• [Exercise description] An exact, complete copy of the entries below is required, minus any pictures.

• [Data records]
----------

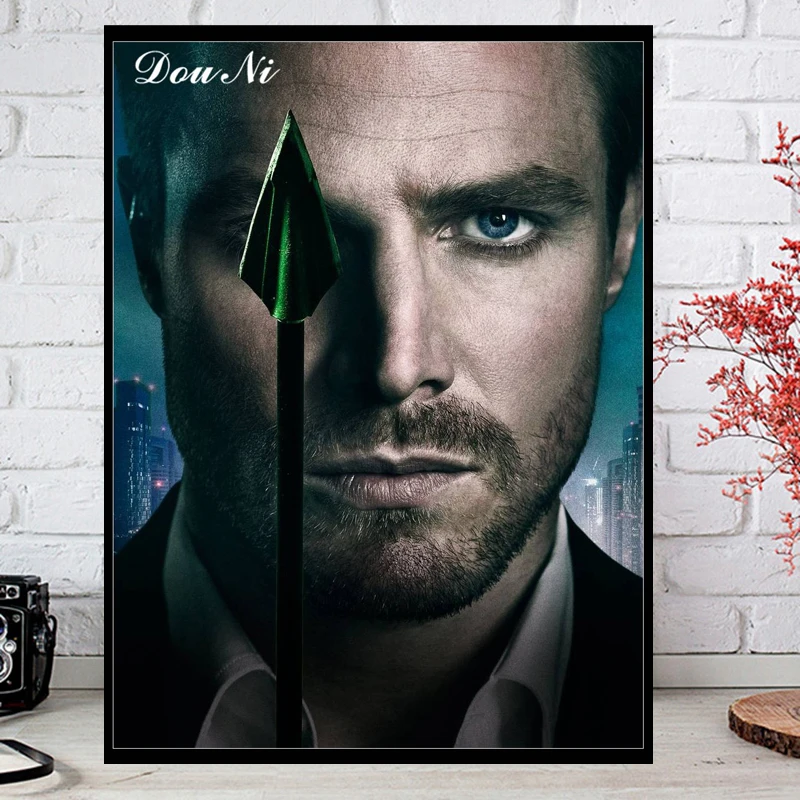 Набор для алмазной вышивки сделай сам в американском стиле |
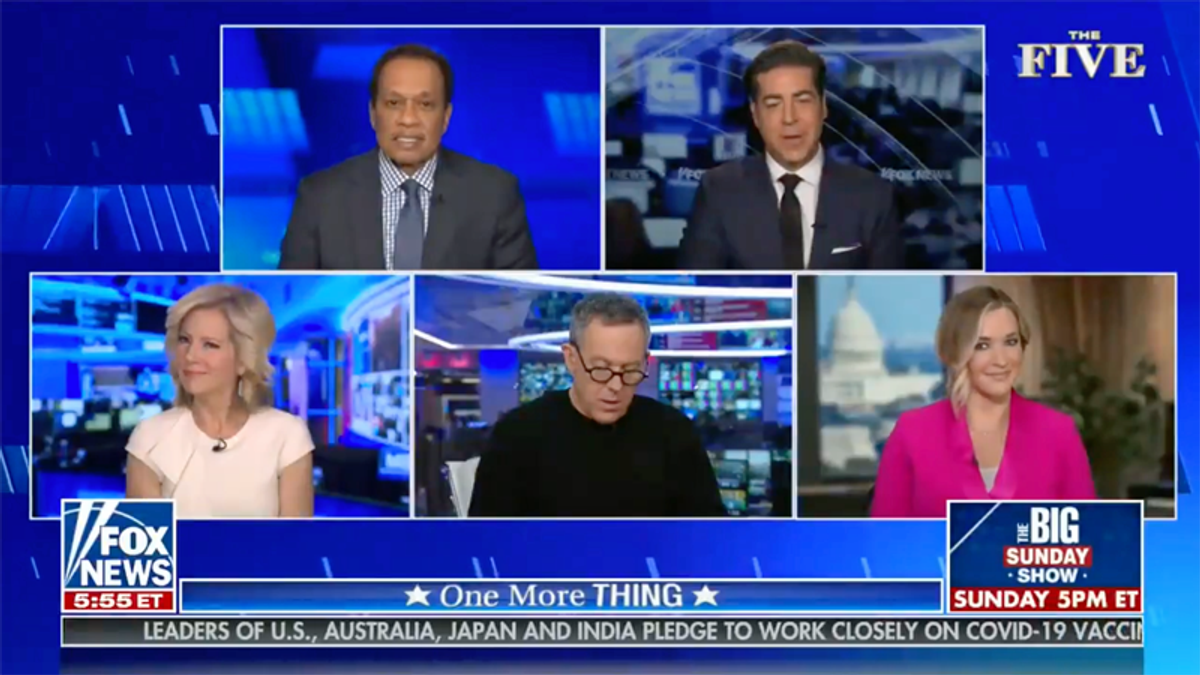 WATCH: Bizarre moment on Fox as host sings on-air about his desire to go to the bathroom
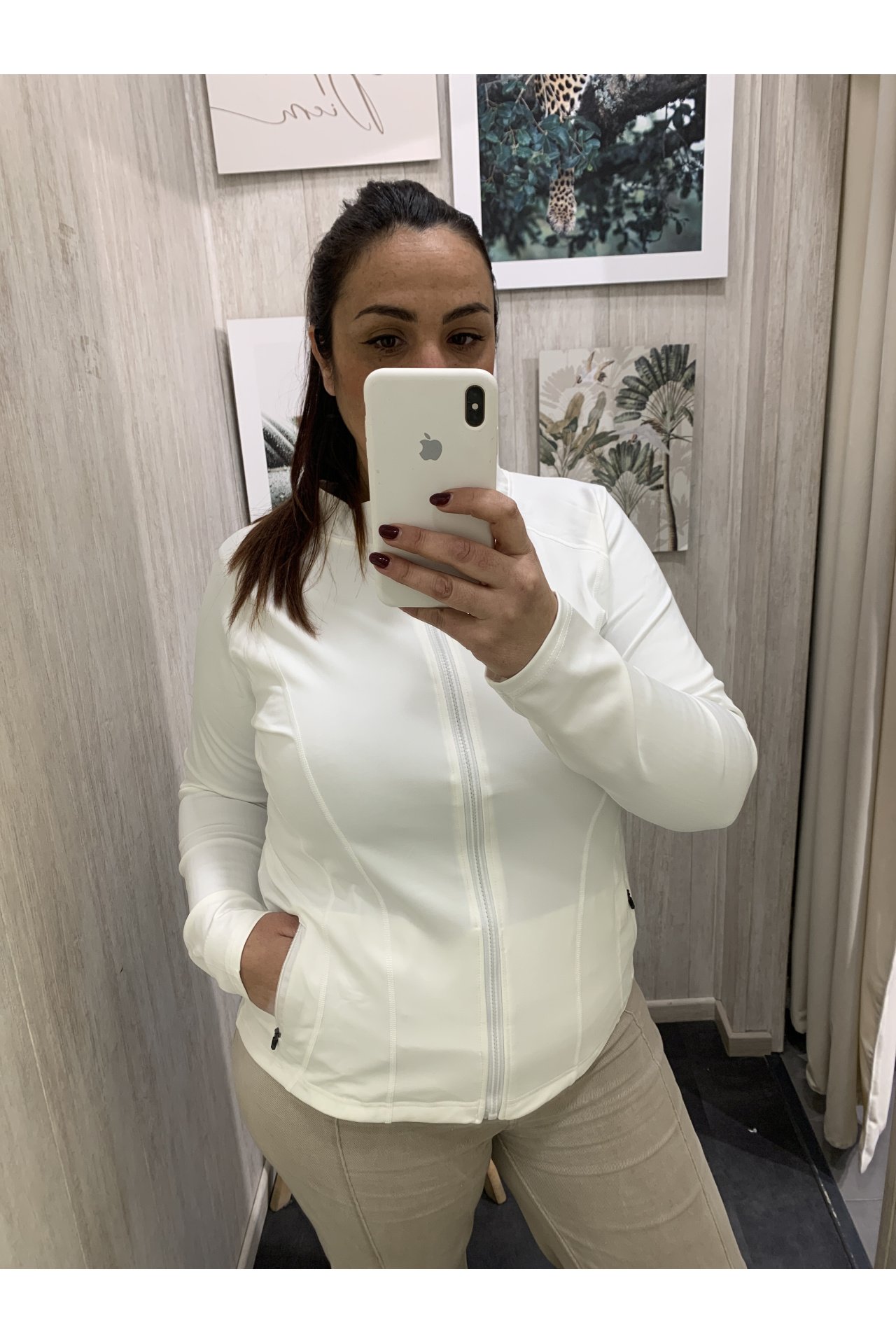 SUDADERA LICRA TÉCNICA SPORT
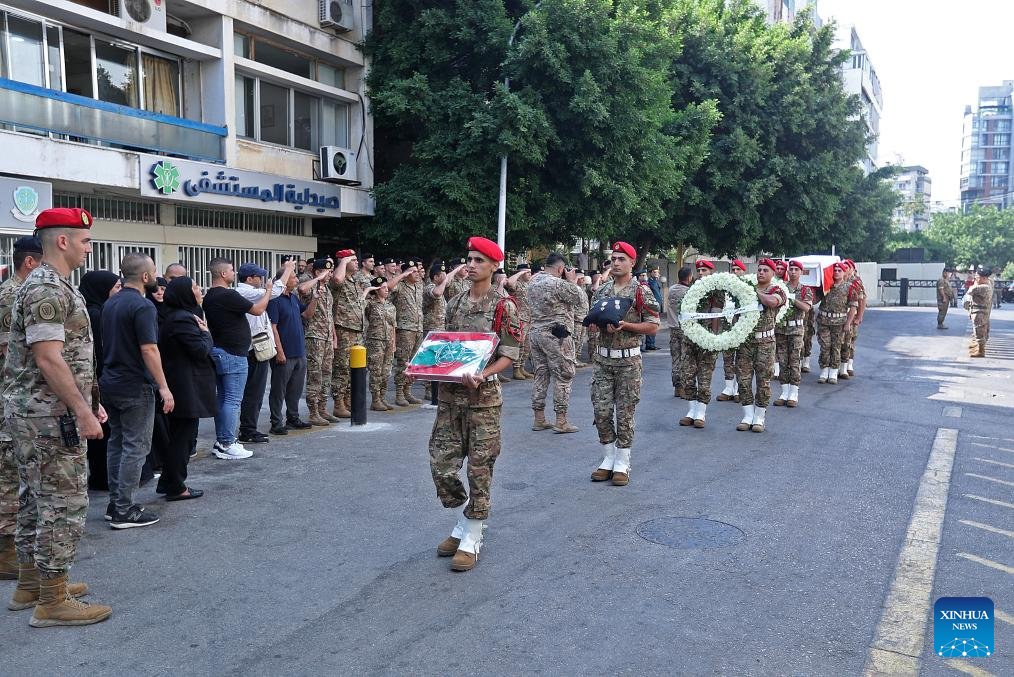 Six Lebanese Soldiers Killed In Ammunition Explosion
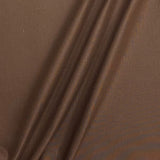 Pound A Metre Per Metre Linen Look 100% Cotton - 59'' Wide (Brown)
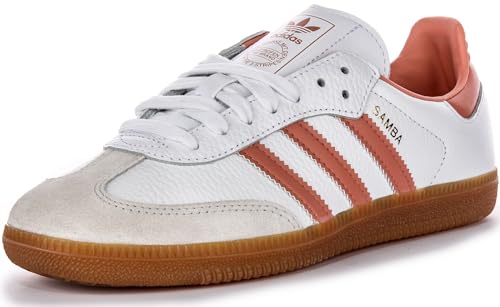 Image of adidas 19000 Samba Unisex Adult Sports Shoes, White, 7.5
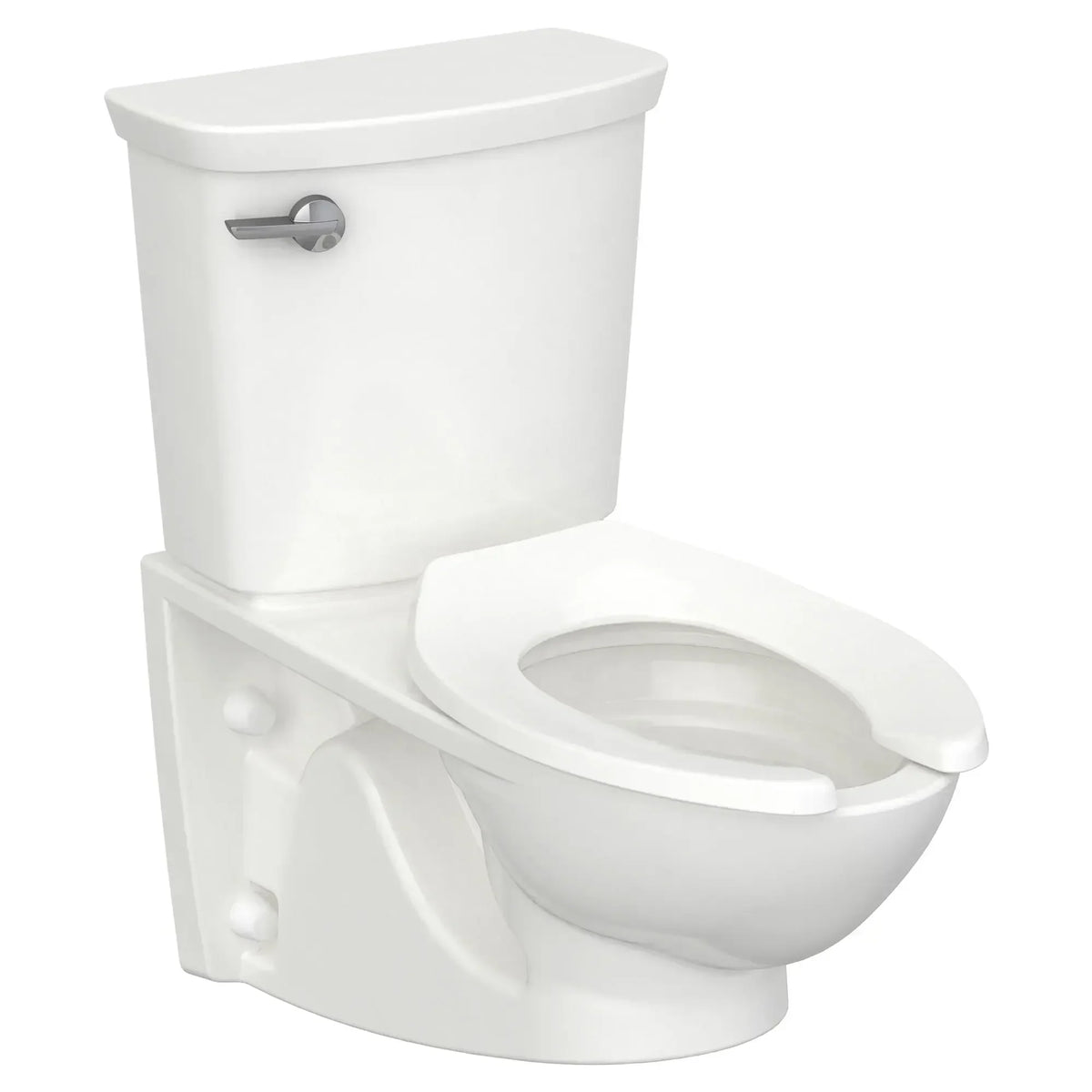 American Standard Glenwall VorMax 1.28 GPF Single Flush Wall-Hung Toilet, Left-Hand Trip Lever, White (Seat Not Included)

----------

• [Answer to this task]
 Набор для алмазной вышивки сделай сам в американском стиле |
 WATCH: Bizarre moment on Fox as host sings on-air about his desire to go to the bathroom
 SUDADERA LICRA TÉCNICA SPORT
 Six Lebanese Soldiers Killed In Ammunition Explosion
 Pound A Metre Per Metre Linen Look 100% Cotton - 59'' Wide (Brown)
 Image of adidas 19000 Samba Unisex Adult Sports Shoes, White, 7.5
 American Standard Glenwall VorMax 1.28 GPF Single Flush Wall-Hung Toilet, Left-Hand Trip Lever, White (Seat Not Included)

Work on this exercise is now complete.